ASGREEN. «VENGO DA UN PERIODO DIFFICILE, MA IN QUESTO GIRO NOI DELLA EF...»

GIRO D'ITALIA | 24/05/2025 | 19:14
di Francesca Monzone

Kasper Asgreen è un corridore straordinario, uno di quelli che ha lottato contro tutto e tutti per diventare un ciclista, perché la sua famiglia voleva che diventasse un cavaliere. Ma dopo anni di tira e molla, Asgreen è sceso dal cavallo ed è salito su una bici, con il desiderio di diventare uno dei corridori più forti della Danimarca. Non tutto è andato bene, ma dopo successi importanti come il Giro delle Fiandre, qualcosa non ha funzionato e dopo tanti anni alla corte di Lefevere, quest’anno è passato con la EF Education EasyPost. Il danese finalmente si è sbloccato e sul traguardo di Nova Gorica, è tornato a vincere dopo quasi 2 anni di digiuno.


«Nel finale sinceramente non ho pensato molto.
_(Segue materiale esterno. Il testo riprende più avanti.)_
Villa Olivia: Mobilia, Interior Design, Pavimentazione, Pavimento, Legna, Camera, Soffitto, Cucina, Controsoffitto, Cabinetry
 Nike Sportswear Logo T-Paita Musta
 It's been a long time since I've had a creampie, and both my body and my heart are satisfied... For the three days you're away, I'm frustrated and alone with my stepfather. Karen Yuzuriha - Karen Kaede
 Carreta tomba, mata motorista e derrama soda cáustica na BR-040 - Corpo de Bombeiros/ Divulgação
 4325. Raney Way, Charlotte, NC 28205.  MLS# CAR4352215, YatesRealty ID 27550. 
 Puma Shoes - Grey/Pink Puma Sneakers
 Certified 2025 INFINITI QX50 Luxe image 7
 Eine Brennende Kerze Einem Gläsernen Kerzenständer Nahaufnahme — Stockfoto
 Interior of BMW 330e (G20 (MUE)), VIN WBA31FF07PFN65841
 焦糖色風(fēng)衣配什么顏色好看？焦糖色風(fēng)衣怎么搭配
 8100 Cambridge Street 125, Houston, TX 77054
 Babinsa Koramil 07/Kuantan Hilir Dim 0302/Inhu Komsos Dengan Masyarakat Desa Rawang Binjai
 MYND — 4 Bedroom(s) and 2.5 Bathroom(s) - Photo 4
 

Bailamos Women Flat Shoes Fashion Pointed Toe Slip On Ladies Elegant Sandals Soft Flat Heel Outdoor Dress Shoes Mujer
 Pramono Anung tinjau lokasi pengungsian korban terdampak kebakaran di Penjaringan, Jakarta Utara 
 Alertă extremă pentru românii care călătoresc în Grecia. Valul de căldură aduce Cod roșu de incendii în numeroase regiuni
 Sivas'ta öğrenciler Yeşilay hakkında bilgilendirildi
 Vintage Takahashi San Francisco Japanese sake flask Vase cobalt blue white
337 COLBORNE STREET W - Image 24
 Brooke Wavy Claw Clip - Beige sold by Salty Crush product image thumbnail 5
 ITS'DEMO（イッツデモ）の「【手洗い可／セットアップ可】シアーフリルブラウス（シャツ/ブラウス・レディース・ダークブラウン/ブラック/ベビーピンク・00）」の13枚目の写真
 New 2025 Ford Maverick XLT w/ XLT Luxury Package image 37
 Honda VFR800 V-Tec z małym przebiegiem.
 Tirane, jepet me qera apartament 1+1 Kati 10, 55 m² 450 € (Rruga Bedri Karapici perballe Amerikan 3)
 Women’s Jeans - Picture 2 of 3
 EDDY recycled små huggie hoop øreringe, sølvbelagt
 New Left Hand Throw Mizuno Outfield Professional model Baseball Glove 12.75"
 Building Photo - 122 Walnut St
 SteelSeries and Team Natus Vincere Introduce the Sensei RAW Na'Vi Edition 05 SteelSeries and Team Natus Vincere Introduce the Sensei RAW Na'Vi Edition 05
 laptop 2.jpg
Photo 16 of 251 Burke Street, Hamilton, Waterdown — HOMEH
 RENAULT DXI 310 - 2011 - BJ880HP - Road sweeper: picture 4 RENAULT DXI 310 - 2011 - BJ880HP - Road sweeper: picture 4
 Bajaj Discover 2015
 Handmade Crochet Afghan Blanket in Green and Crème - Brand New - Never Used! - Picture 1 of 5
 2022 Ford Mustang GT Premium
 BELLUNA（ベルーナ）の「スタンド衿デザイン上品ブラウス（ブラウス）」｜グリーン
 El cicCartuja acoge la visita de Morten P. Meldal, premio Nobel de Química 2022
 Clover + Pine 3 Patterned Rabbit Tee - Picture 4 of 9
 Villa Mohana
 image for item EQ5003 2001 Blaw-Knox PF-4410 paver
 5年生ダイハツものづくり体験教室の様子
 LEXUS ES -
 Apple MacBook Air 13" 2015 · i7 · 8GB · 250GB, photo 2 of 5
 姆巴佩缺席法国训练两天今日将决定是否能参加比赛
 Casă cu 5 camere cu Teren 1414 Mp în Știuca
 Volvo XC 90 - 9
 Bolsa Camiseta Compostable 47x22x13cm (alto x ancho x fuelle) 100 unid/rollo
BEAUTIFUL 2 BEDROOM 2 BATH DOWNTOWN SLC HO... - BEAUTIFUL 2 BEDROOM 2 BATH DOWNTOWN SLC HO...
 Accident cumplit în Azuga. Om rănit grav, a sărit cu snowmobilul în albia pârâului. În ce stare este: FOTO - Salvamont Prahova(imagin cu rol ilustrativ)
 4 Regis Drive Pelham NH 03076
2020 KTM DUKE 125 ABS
Ero esausto, molto stanco. Cercavo di disegnare le curve in discesa perché la strada era scivolosa. Cercavo di capire quanto vantaggio avessi ancora su chi mi inseguiva – ha spiegato Asgreen durante la conferenza - È stato un periodo molto difficile, il cambio di squadra è stato comunque importante. Ho trascorso 7 anni con la mia vecchia squadra. Sono diventato professionista, ho vinto gare importanti con loro. Quando sono entrato nella EF Education EasyPost sentivo un po' di pressione,  non mi sentivo bene, quindi cercavo di riconquistare la fiducia della squadra, ma sapevo anche che fisicamente non ero in gran forma».


La primavera con la nuova squadra non è andata bene e il danese è stato costretto a saltare appuntamenti importanti. Sapeva che il Giro d’Italia sarebbe stato la sua grande occasione e ora che ha vinto può finalmente tirare un sospiro di sollievo e guardare al futuro con maggiore ottimismo.

«Non vincevo da più di un anno quando sono entrato in questo team e quest'anno ho dovuto saltare le Classiche, ma è stato bello tornare ad alti livelli abbastanza in fretta. Probabilmente se avessimo insistito per fare le Classiche, dove avrei dovuto guidare la squadra, non sarei riuscito a farcela, mentre oggi eccomi qui con la mia vittoria».

Kasper Asgreen è felice della nuova squadra, dove si sente ben accolto e sente che tutti nutrono molta fiducia nelle sue qualità.

«La fiducia nella squadra è stata altissima fin dal primo giorno. L'obiettivo principale al Giro è la classifica generale con Carapaz e vederlo arrivare tra i primi 10 in una volata di gruppo come ha fatto in Albania ci ha fatto capire che stava molto bene e questo ha dato fiducia a tutti. Una volta superata la seconda cronometro, tutta la squadra si è illuminata. Ci siamo detti: ora inizia il Giro. Penso che abbiamo l'opportunità di fare bene e ringrazio la squadra per avermi dato la possibilità di giocarmi la vittoria oggi».